Mending something old feels different from mending something new. I unpicked stitches that were once sewn by my friend’s grandfather long before either of us were ever thought of. Now, this Christening gown is ready for the latest addition to their family: a baby boy and the third generation to be swept into its folds.
The gown has served its time. It is itself a token of time, stained with babies’ drool and wrinkled with wear. Babies who have now grown into adults, parents and grandparents. It has that faint smell of old, evoking memories of blurry black and white photographs, fur coats and wide-brimmed hats stored and forgotten under a film of dust in some dark attic.
It has the glamorous feel of a wedding dress, heavy with luxurious folds of fabric.
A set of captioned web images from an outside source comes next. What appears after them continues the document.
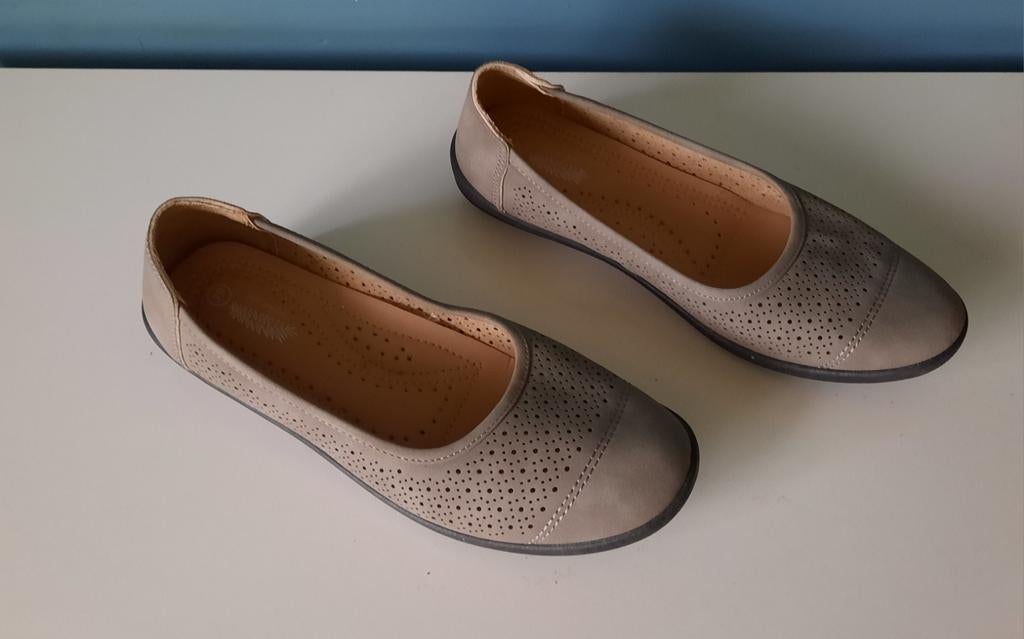 Comfort schoenen "39", Kleding | Dames, Schoenen, Instappers, Ophalen of Verzenden, Comfort, Gedragen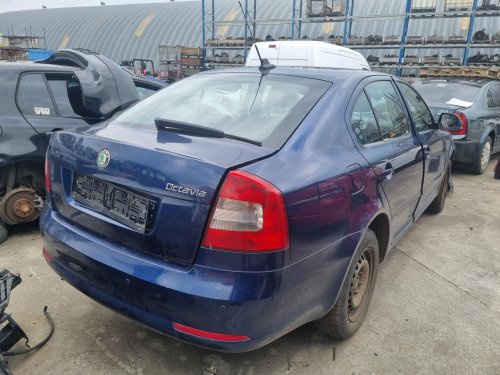 Škoda Octvavia II Facelift 2.0 TDI ( BKD ) 103kW r.2010 modrá 9462 na náhradní díly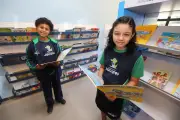 Jacareí distribui kit inverno com novos uniformes escolares para alunos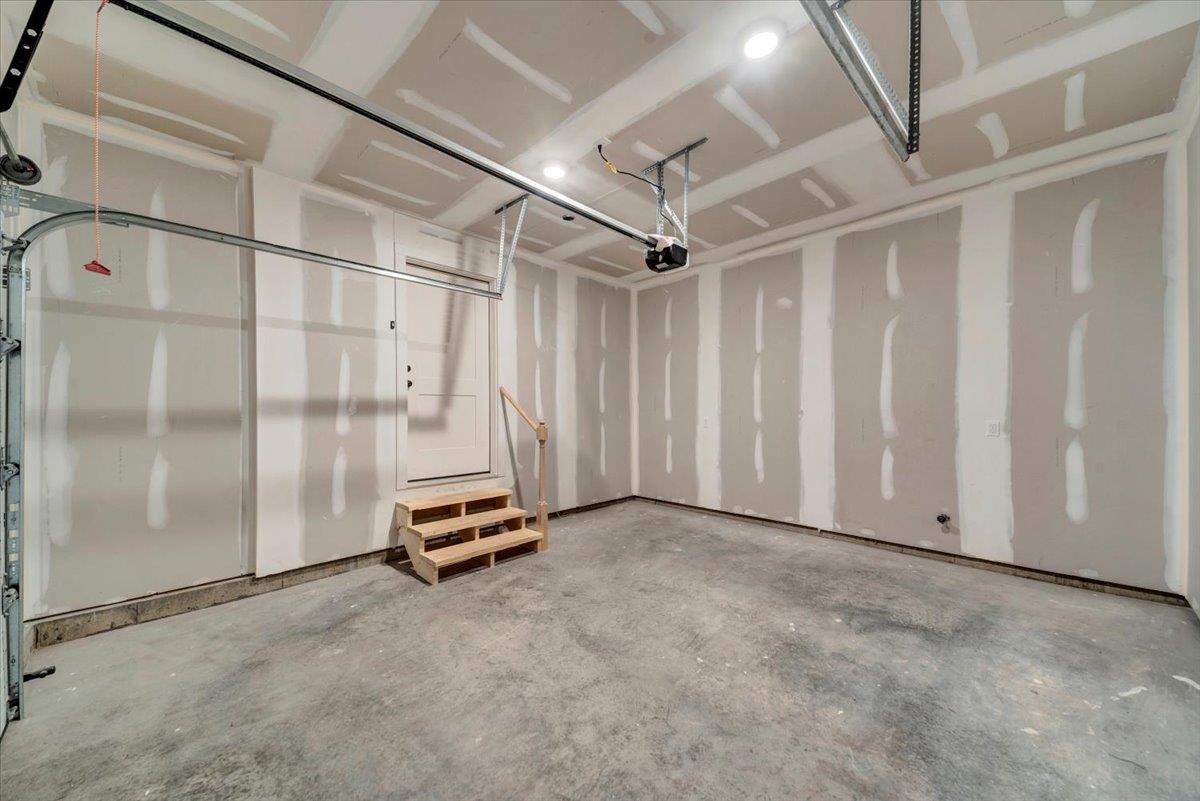 925 Falls Road, Unit 4 Shelburne, VT 05482 - Photo 29 of 53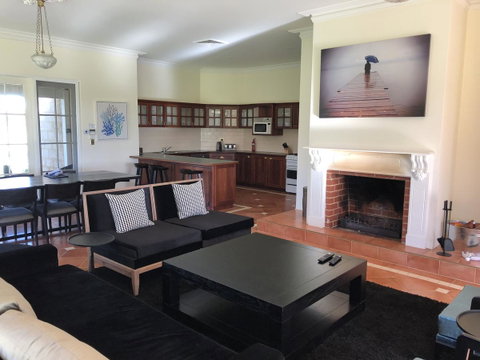 Caves Road Guest Houses - Accommodation Search 8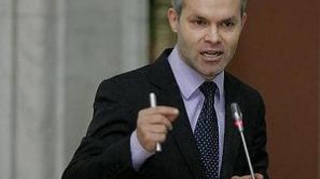 Culmea tupeului la "Monnet"! Elevii furau si de la profesori! Colectie de telefoane furate, la prietena "elevei violate"!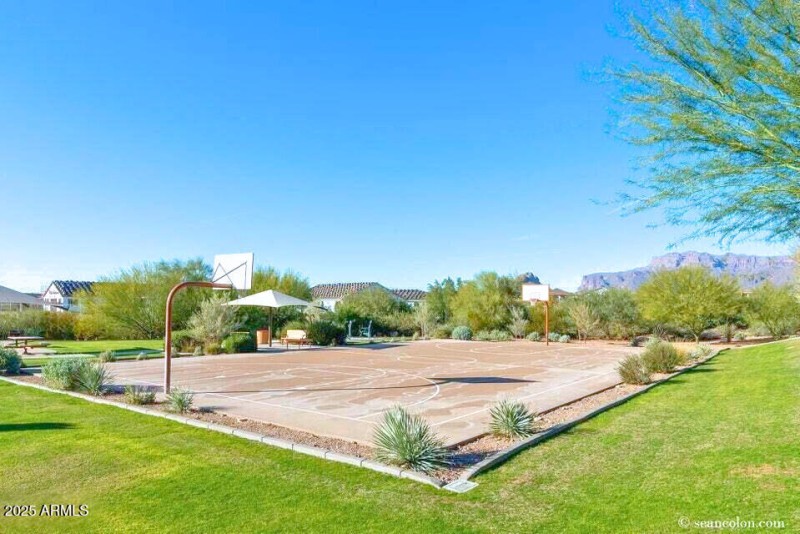 Peralta Canyon amenities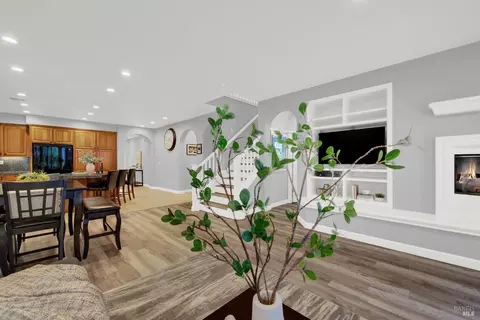 Dining - 5063 Staghorn Dr, Vallejo, CA 94591 photo 2 of 3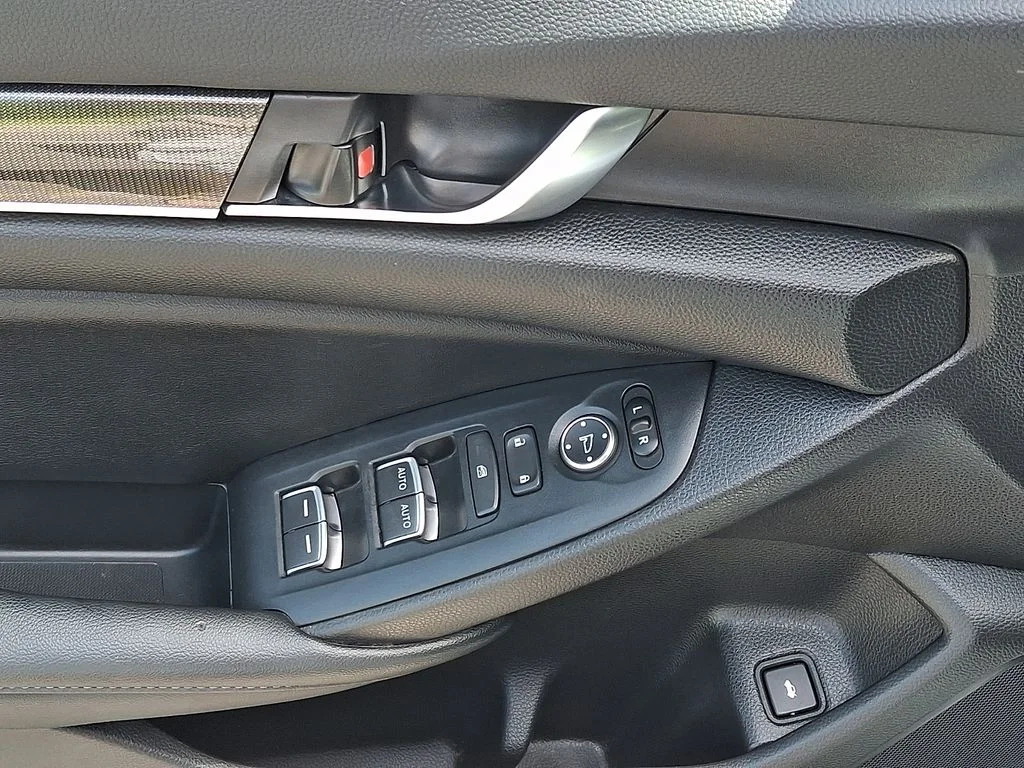 2022 Honda Accord Sport - Photo 12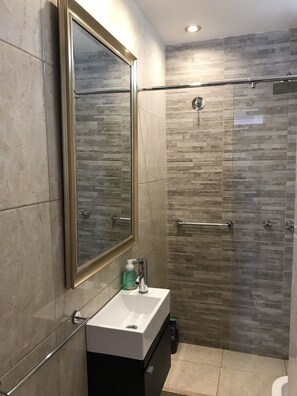 Haartrockner, Handtücher, Seife, Shampoo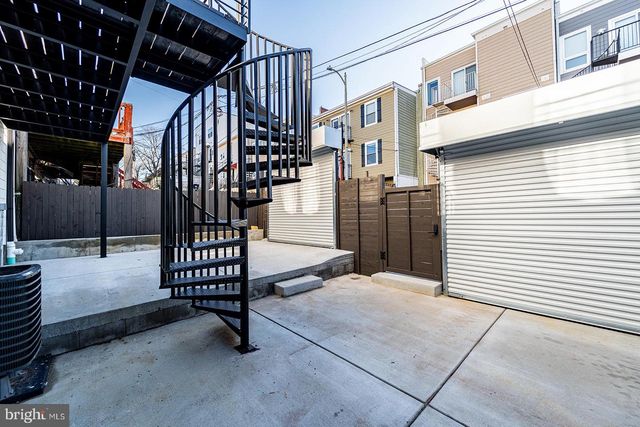 1215 HOLBROOK TER NE #1, Washington, DC 20002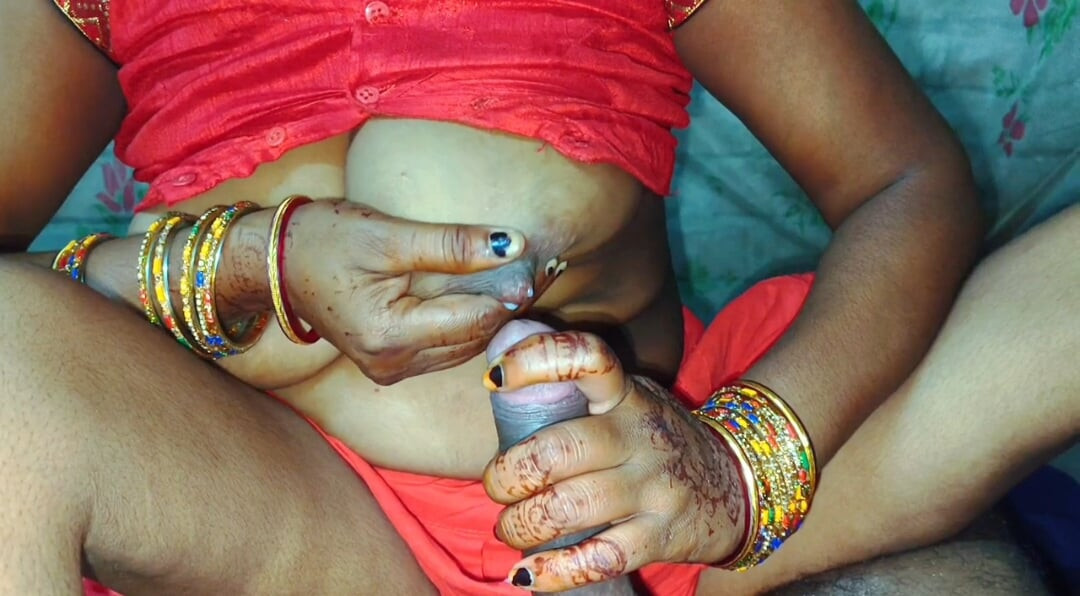 Bhabhi ne bhaiya ka kala lund chuss ke chut me land dal liya.indian desi bolwjob sexy video.big boobs wali aunty ko unkal ne raa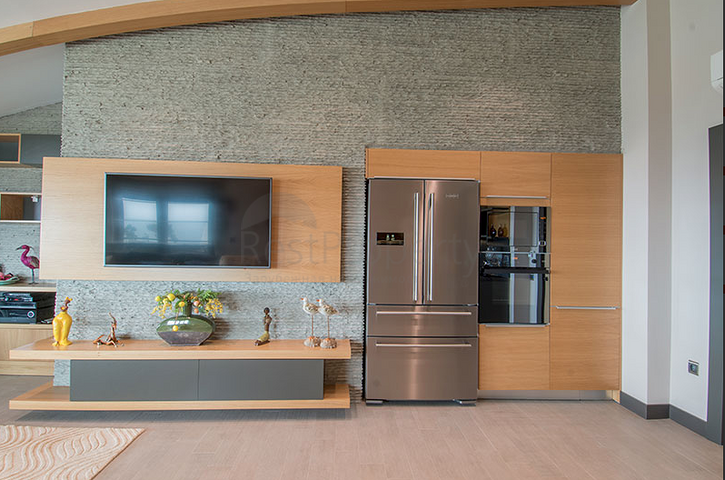 شقق فاخرة 3 + 1 بإطلالة على البحر في كونيالتي أنطاليا 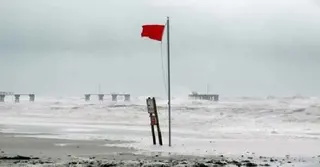 নিম্নচাপের প্রভাবে উপকূলে ঝড়ো হাওয়ার শঙ্কা; চার বন্দরে ৩ নম্বর সতর্ক সংকেত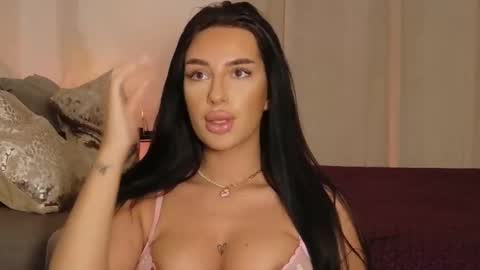 Luana Dess online show from 03.17.26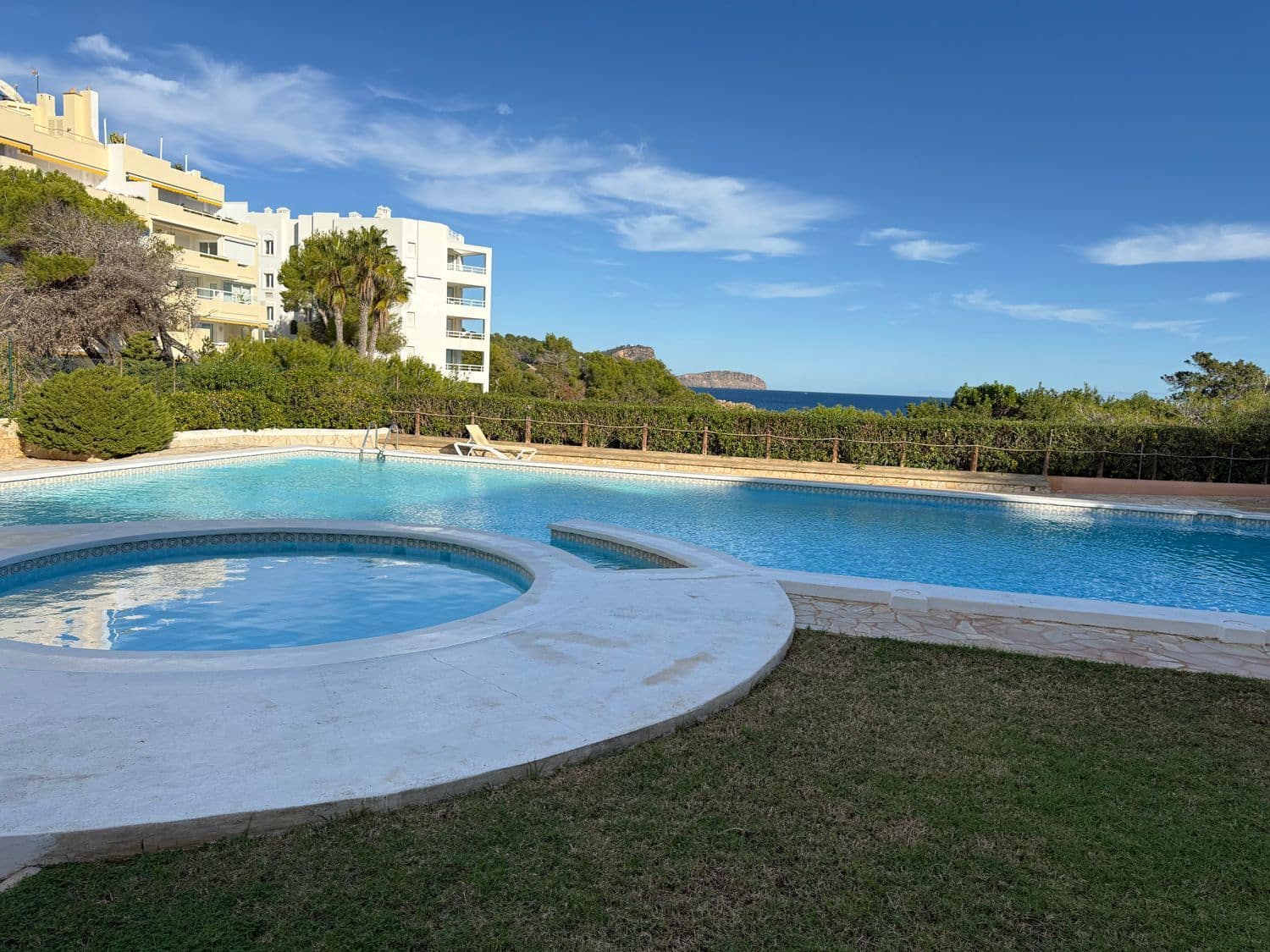 3 chambre Appartement à vendre à Santa Eulalia / Santa Eularia avec piscine garage - 825 000 € (Ref: 9471901)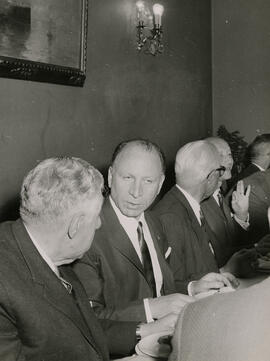 Hugo Trucco Lee conversando con hombre durante cena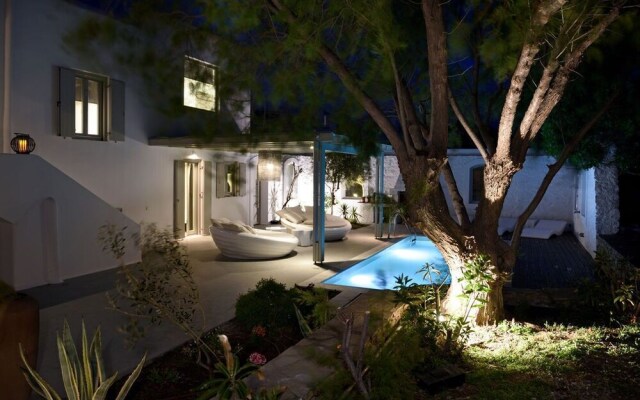 Villa Dafni 4BD with Pool in Kalafatis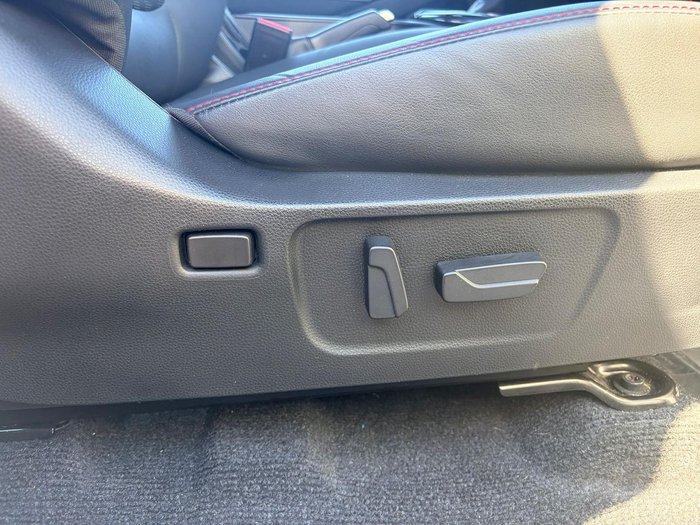 2025 Isuzu D-MAX X-TERRAIN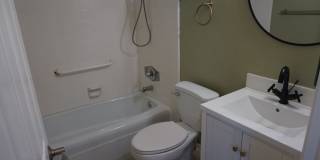 2 Bedroom, 2 Bathroom Condo Gallery 5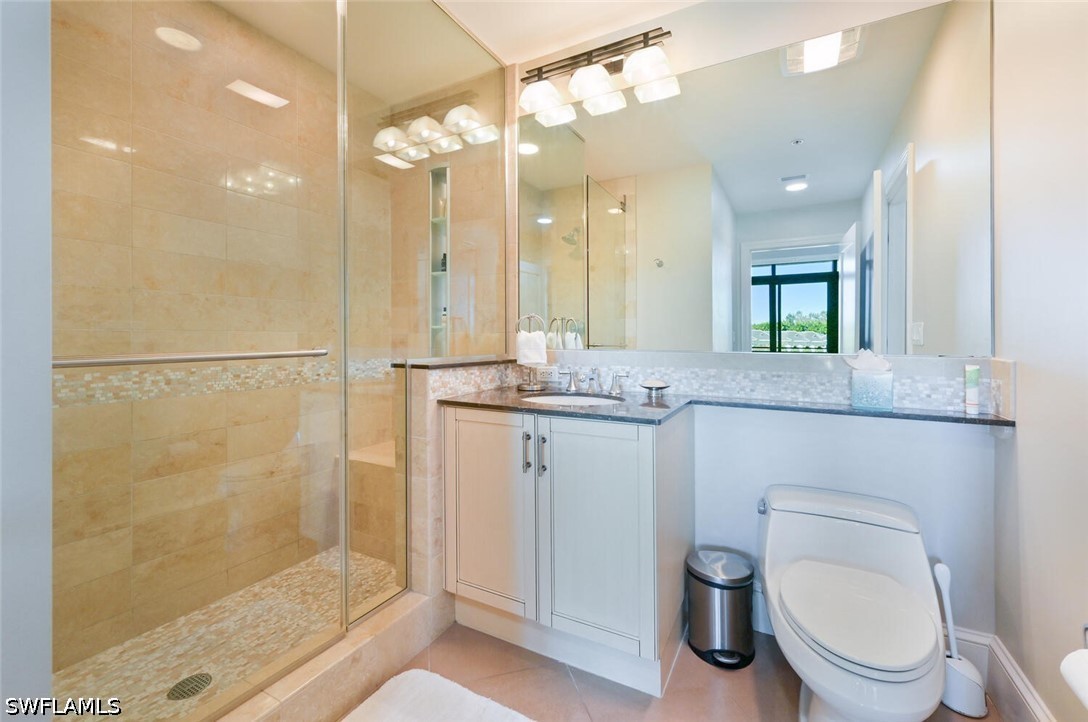 2 Bed Condominium for Sale in The Strada, photo 11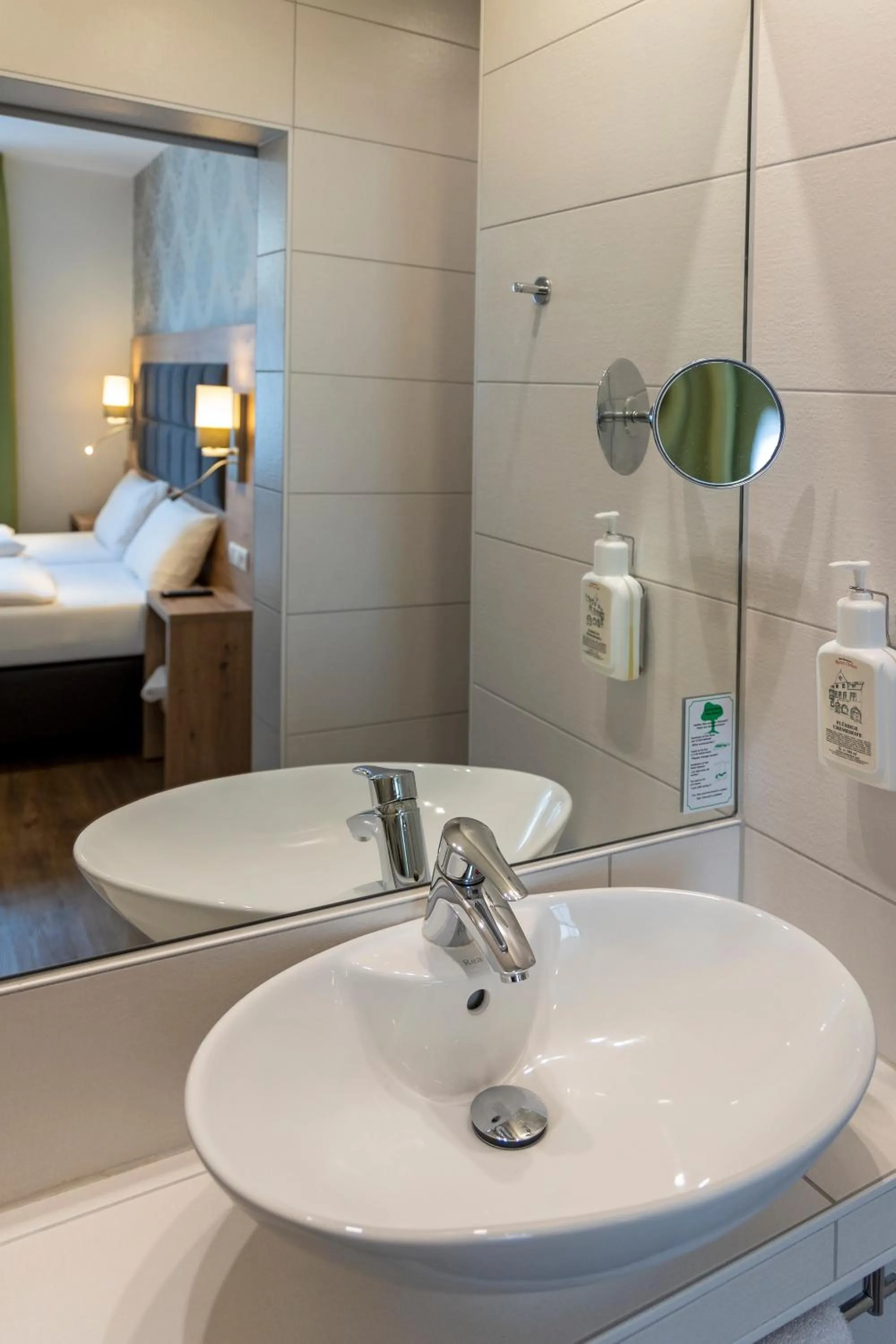 Bathroom in AKZENT Hotel Restaurant Roter Ochse Rhens bei Koblenz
My friend’s grandfather was a dressmaker. He worked for a time at the national theatre, I think. The imagery of elegant costumes and high drama seems fitting for a garment that has as its sole purpose to celebrate new life.
I unpicked the bodice, traced it to make a pattern and sewed on a new one.
It feels like I am continuing a line of history. History. I am putting my mark on its story. Mending it feels more special, somehow, than patching a pair of jeans. Why, though?
Because with this gown the table is turned. Unlike most of the clothes that pass through our lives, this gown may still be hanging in the deep depths of some wardrobe when we ourselves have grown wrinkly, old and worn. It is a reminder that we are temporary beings.
Will the stitches I sew survive me? They may do. This gown may well outlive me. It provides some perspective to the hectic rush of modern life. No, it says, you are not at the peak of history. Yes, it says, it will continue from here.
This gown lives a very slow life, briefly saluting the generations that pass through it. Slow, slow fashion. May it live on to celebrate many more!